H.G. Matsyavatar Das

Thursday, 20 August 2009

VADANYA (magnanimous)



By Matsya Avatara Dasa

From the book: The 26 Qualities of the Spiritual Researcher

Other meanings:

charitable


Rupa Gosvami glorified Shri Caitanya Mahaprabhu by calling him maha-vadanya, supremely magnanimous, or greatly merciful. A really magnanimous person is benevolent towards everyone, not only towards human beings, what to speak of only to some human beings.

Generosity is a natural characteristic of one who is vadanya. There are two forms of generosity: one is about gifting things, and the other is about giving oneself. Bhaktivedanta Svami Prabhupada has explained that we can engage in devotional service by donating our intelligence, our resources, our time, and also by donating ourselves. Giving things is a gradual process through which we learn to donate ourselves: this is why dana is important. Dana means wealth, money, donation. Today everybody is obsesses by the idea of having or receiving, but in the light of the Shastra we can state that in order to have, we need to give: one who has given more will receive more. This is another example of symmetry.

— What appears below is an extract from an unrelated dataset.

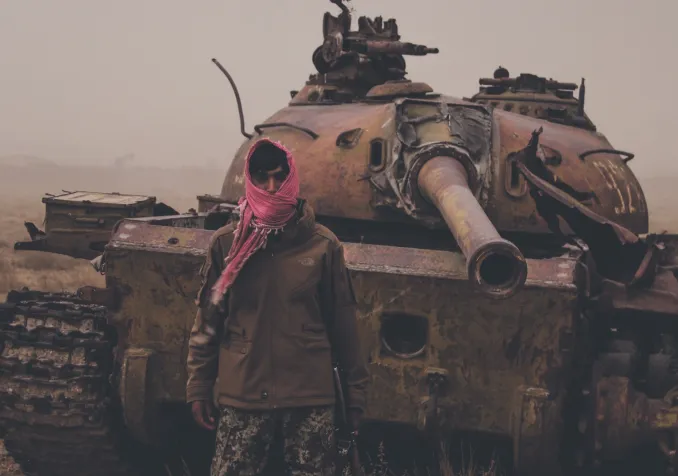 Août 2021, dans un faubourg de Kaboul (Afghanistan), un homme armé pose devant une épave de tank taliban. ©iStock/Trent Inness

If we have excess of something and lack of something else, this means that we have given much in one sense and little in the another sense, so if we want to receive more in the future we need to learn to give in the area of our shortcomings.

However, being magnanimous is not simply about being generous. It also means we have the tendency to great actions, great missions, and in spiritual realization the greatest thing we can do consists in offering, to those who want it, the opportunity of knowing oneself and to reconnect with the Divine. In order to do big things, we first need to become victorious over our wild ego, to tame our inner beasts; in this way we become more open to others, too. We become more understanding, more generous in a wider sense.

In his Nichomachean Ethics, Aristotle describes the non-assuming greatness of a magnanimous person, who must be good and virtuous: "he does not become depressed because of criticism and does not become excited because of glorification: he is silent, and when he speaks, he does so in a soft voice." This closely resembles some passages of Bhagavad-gita that describe the sage or mahatma, the bhakta or devotee. Here is an example:

One who is impartial with friends and enemies, balanced in honor and dishonor, heat and cold, joy and distress, fame and infamy, always free from all bad association, always silent and satisfied about everything, unconcerned about his dwelling, fixed in knowledge and engaged in My devotional service, is very dear to Me1.

Vadanya is a person who is open to everyone, able to give to everyone. This does not mean we want to discourage those who give in a more "restricted" way, or once in a while, because this is good practice to learn to do more and better.

The highest and most complete sense of vadanya consists in donating oneself without reservations, being able to attain that state of consciousness where we think that the time we have been given is not ours to spend, but is intended to help others, that the body we have been entrusted with is not for us, but it is intended as an instrument to be used to help many people, that the intelligence we have been granted must not be utilized for selfish purposes, but to help others to solve their problems, and similarly also the fire in the stomach, agni2: we must become aware that it is intended to transform the energies contained in food not to do whimsical activities, but to spread the message of salvation.

A devotee eats, gets informed and acquires means in order to operate a primary transformation from the heavier material elements to the subtler and spiritual elements, just like a tree wants to offer its fruits and shadows to others.

Thus vadanya is a mahatma, a great soul that like an ocean receives thousands of rivers and does not get agitated, does not spill out, and never dries.

Some people become agitated for very small things, when anything does not go according to their own wishes: these people are the opposite of vadanya, they are kripana or narrow-minded, small and miserable. On the other hand, the magnanimous persons can receive the troubles of many and absorb them, sublimate and purify them without getting agitated; and they are also able to help those who suffer from those problems to integrate their personality.

In this case we have vadanyas that are not just great souls, but also have a great mind and great intelligence. In order to get to this platform one must take distance from mental dullness and the tyranny of one's own senses, not only from the sense objects.


1 Bg. XII.18-19.

2 Fire (see Latin ignis) and the deva of fire, through whose mouth the offerings of the sacrifice are consumed, accompanied by the threefold repetition of the word svaha (oblation).